NHK交響楽団第1976回定期公演

昨日、NHK交響楽団の第1976回定期公演がサントリーホールにおいて行われ、NHK FMの実況中継で鑑賞しました。

今回は、前半にバルトークのヴィオラ協奏曲、後半にラヴェルの『ダフニスとクロエ』組曲の第1番及び第2番とドビュッシーの交響詩『海』でした。ヴィオラ独奏はアミハイ・グロス、指揮はトゥガン・ソヒエフでした。

後半のラヴェルとドビュッシーとはいずれもソヒエフの得意とする作曲家です。

実際、弦楽器による弓の上げ下げに至るまで絶妙な間合いを保つ演奏からは、作品の隅々までよく把握したソヒエフが細部まで丹念に磨き上げていることがよく分かります。

かつてシャルル・デュトワが常任指揮者や音楽監督を務めていた頃のNHK響は、ラヴェルやドビュッシーなどを薄絹のような肌触りの音楽に仕立てていたことを考えると、ソヒエフはより幻想性の強い音楽を志向していると言えるでしょう。

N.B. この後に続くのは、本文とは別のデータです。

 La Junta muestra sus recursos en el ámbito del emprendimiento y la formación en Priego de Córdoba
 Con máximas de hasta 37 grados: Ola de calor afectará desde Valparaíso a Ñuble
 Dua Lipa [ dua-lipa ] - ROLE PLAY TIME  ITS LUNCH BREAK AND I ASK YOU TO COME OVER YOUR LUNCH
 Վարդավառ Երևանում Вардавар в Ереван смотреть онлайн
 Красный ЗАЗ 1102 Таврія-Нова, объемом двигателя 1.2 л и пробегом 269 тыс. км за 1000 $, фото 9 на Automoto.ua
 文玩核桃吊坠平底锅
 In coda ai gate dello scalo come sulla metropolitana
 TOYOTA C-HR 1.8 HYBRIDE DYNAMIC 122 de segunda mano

もちろん、NHK響に登場する指揮者の中でフランス音楽を得意とするのはデュトワとソヒエフだけではないものの、音楽の目指すところから考えれば対照的であるという点で、興味深い事例として思い出されるところです。

一方、前半のバルトークはグロスの熱量の高さと精緻な弓遣いが際立つ演奏で、ヴィオラ協奏曲の代表作にふさわしい、聞き応えのある内容でした。

1月の定期公演は、古典派とロマン派、ロシア音楽あるいはフランス音楽など、ソヒエフの音楽の幅の広さを改めて確認できるものでした。

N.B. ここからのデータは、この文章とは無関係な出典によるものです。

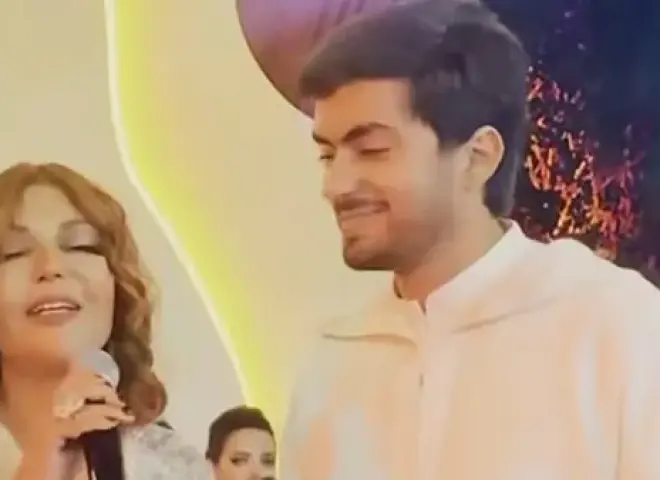 سميرة سعيد تحتفل بزفاف نجلها شادي النابلسي في المغرب.. وتهديه أغنية خاصة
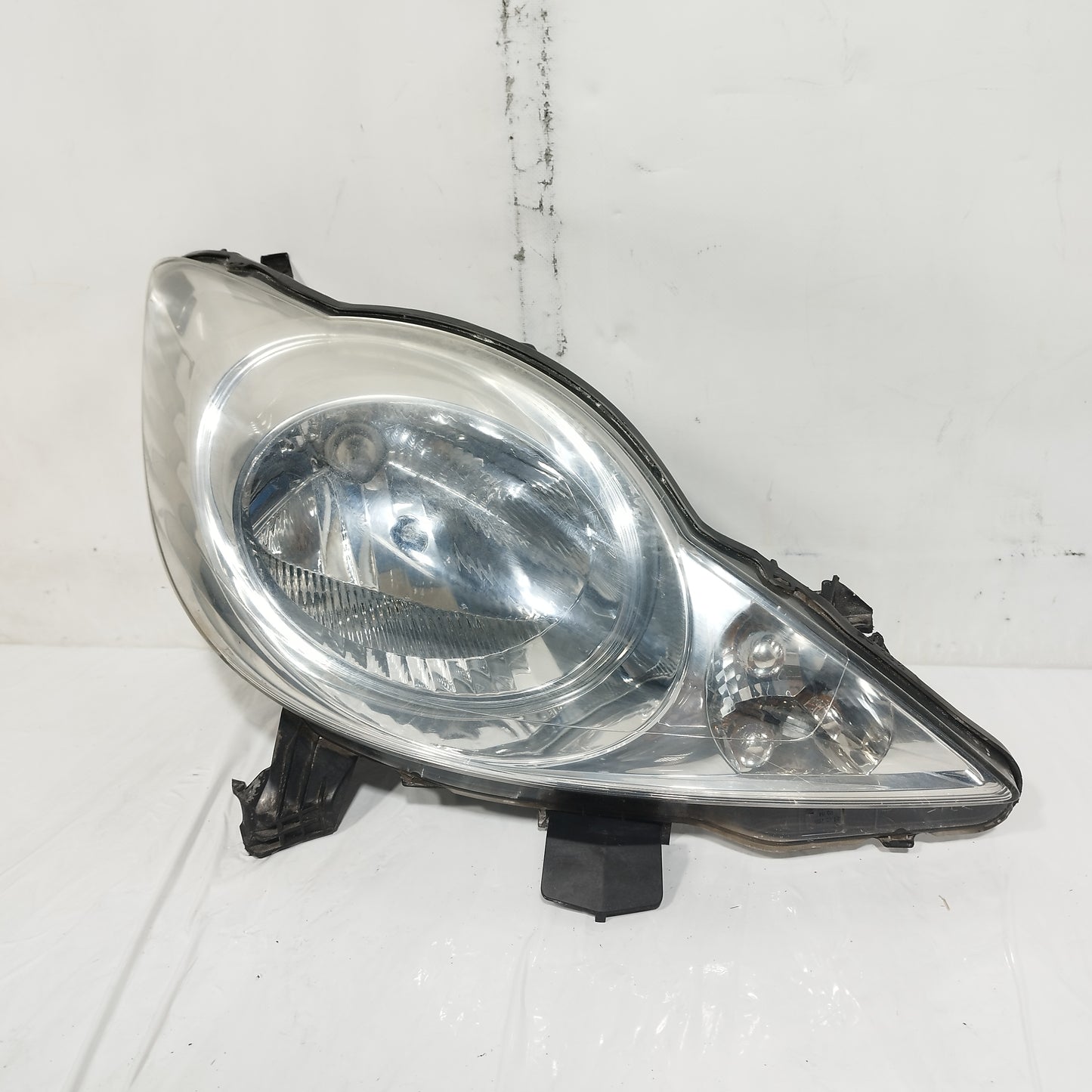 Fanale anteriore dx Peugeot 107 2007 Cod: 89033104 ecoAC15009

それだけに、今後の共演でどのような新しい一面が発見されるか、これからのNHK響への登場を一層期待させた、今回の定期公演であったと言えるでしょう。

<Executive Summary>
The NHK Symphony Orchestra the 1976th Subscription Concert (Yusuke Suzumura)

The NHK Symphony Orchestra held the 1976th Subscription Concert at the Suntory Hall and broadcasted via the NHK FM on 25th January 2023. In this time they performed Bartók's Viola Concerto, Ravel's Daphnis et Chloé, suite Nos. 1 & 2, and Debussy's La mer. Solo viola was Amihai Grosz and conductor was Tugan Sokhiev.